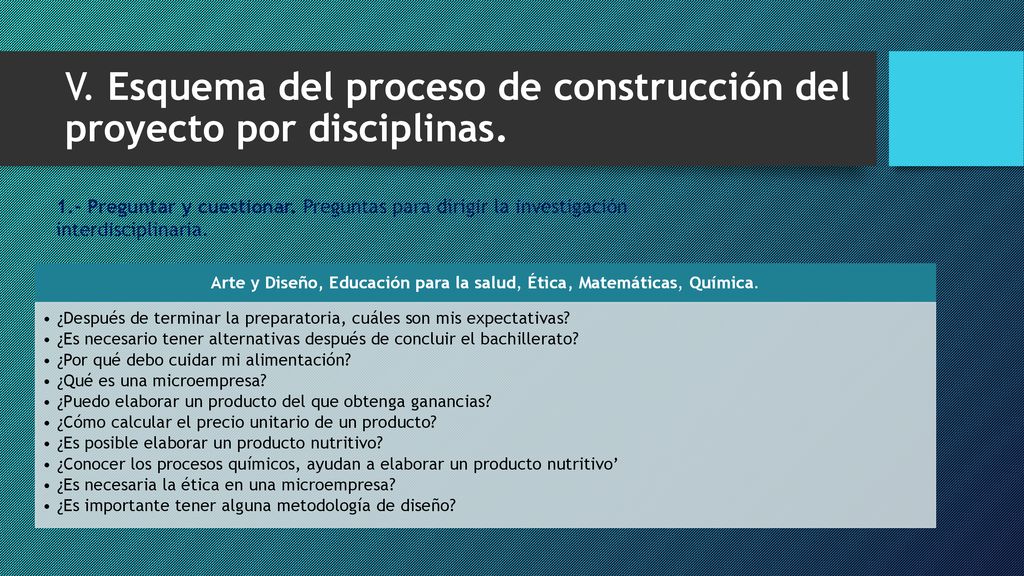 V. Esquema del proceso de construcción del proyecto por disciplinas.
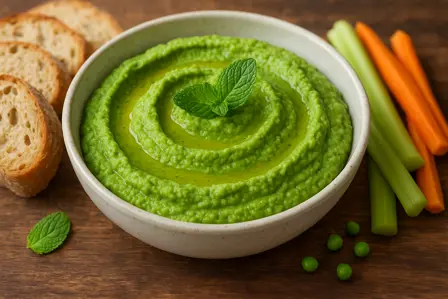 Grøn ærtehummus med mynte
...
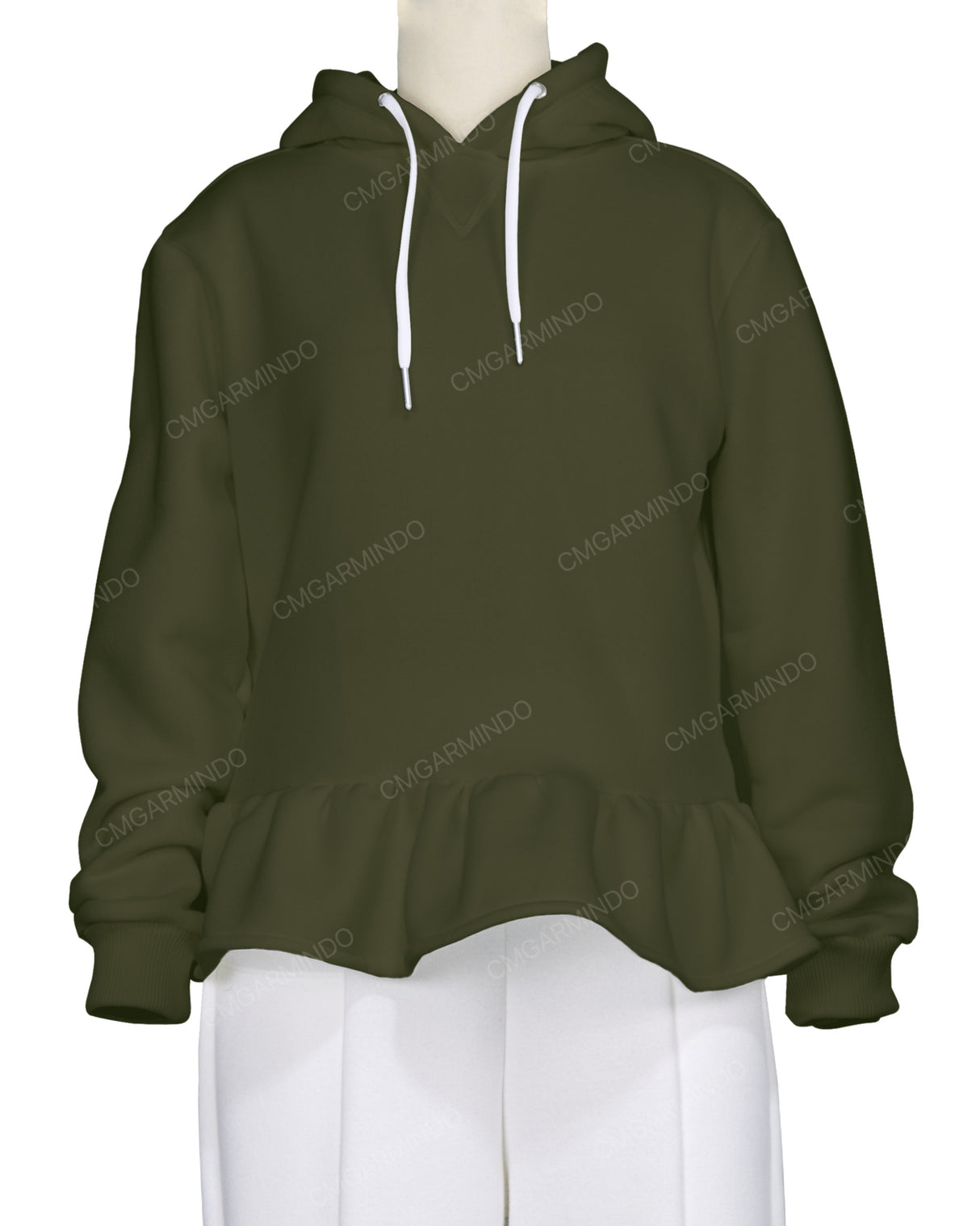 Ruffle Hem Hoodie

### Work instruction
What are the lines above from the one with "V. Esquema del" to the one with "Grøn ærtehummus med mynte", both included? Reproduce them exactly, without pictures.

### Result
 V. Esquema del proceso de construcción del proyecto por disciplinas.
 Grøn ærtehummus med mynte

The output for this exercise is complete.